--- INPUT FOR THIS TASK ---

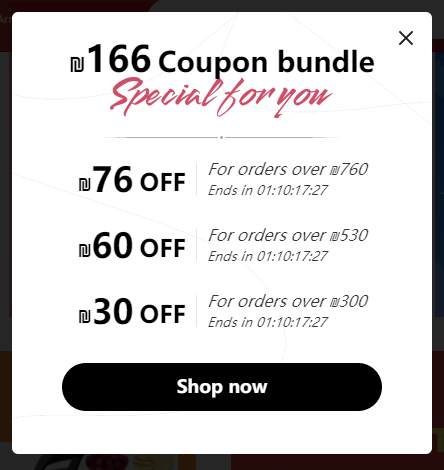 Temu以色列站点上线，拼多多海外开足马力抢市场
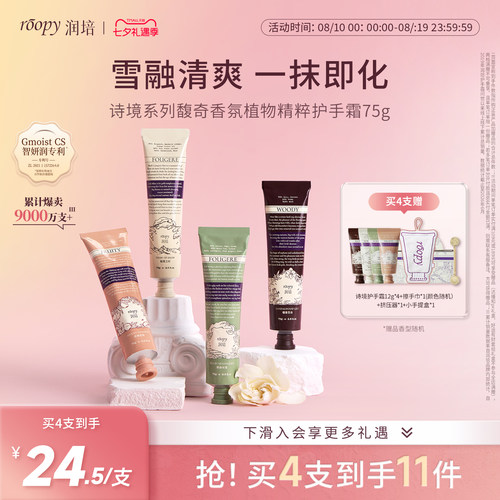【诗境&乐境75g】roopy润培手霜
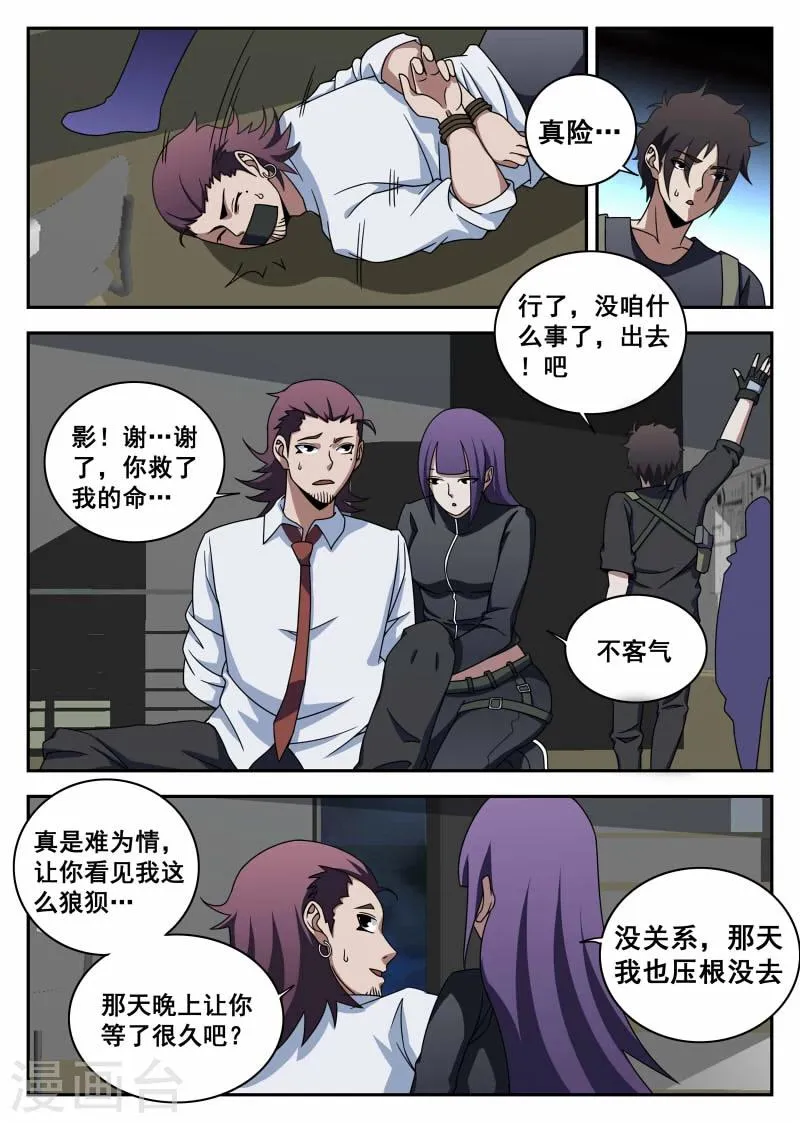 第106话2 有惊无险 第8页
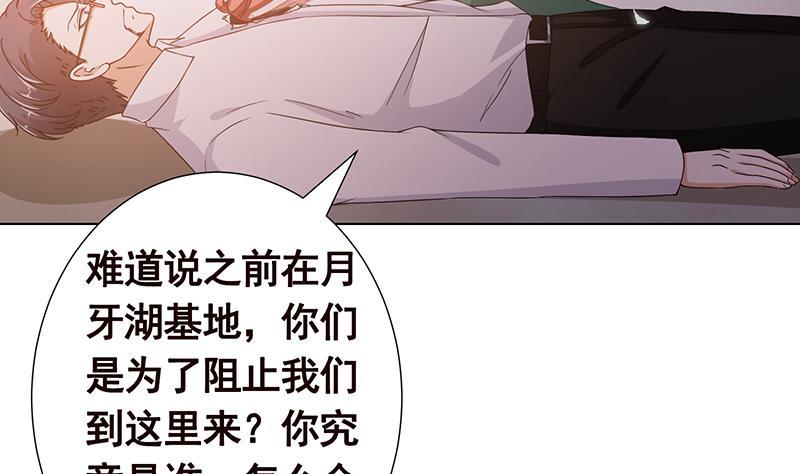 第271话 原来你喜欢笨蛋65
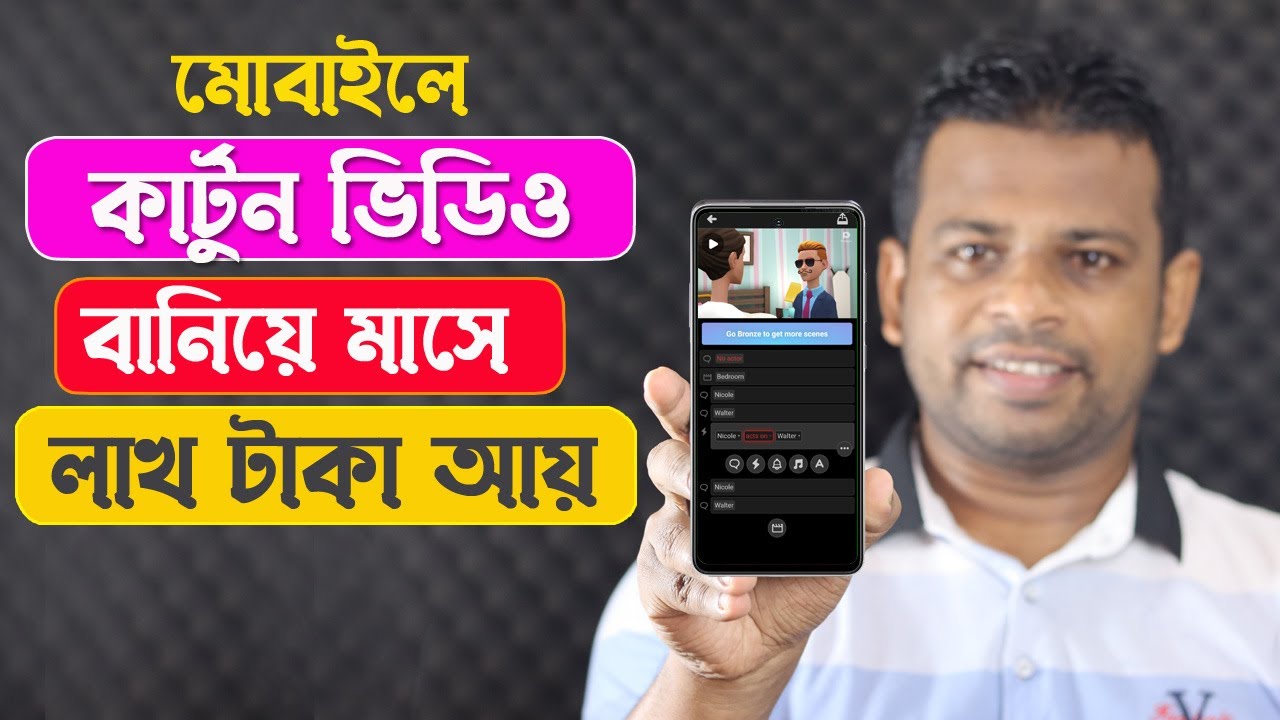 মোবাইলে কার্টুন বানিয়ে লাখ টাকা আয় করুন | Earn Money from Facebook 2021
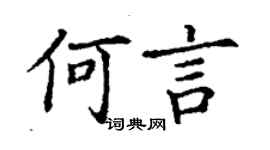丁謙何言楷書個性簽名怎么寫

---

EXERCISE REQUIREMENTS — The records are to be returned verbatim. Skip any picture they contain.

ANSWER BELOW —
 Temu以色列站点上线，拼多多海外开足马力抢市场
【诗境&乐境75g】roopy润培手霜
 第106话2 有惊无险 第8页
 第271话 原来你喜欢笨蛋65
 মোবাইলে কার্টুন বানিয়ে লাখ টাকা আয় করুন | Earn Money from Facebook 2021
丁謙何言楷書個性簽名怎么寫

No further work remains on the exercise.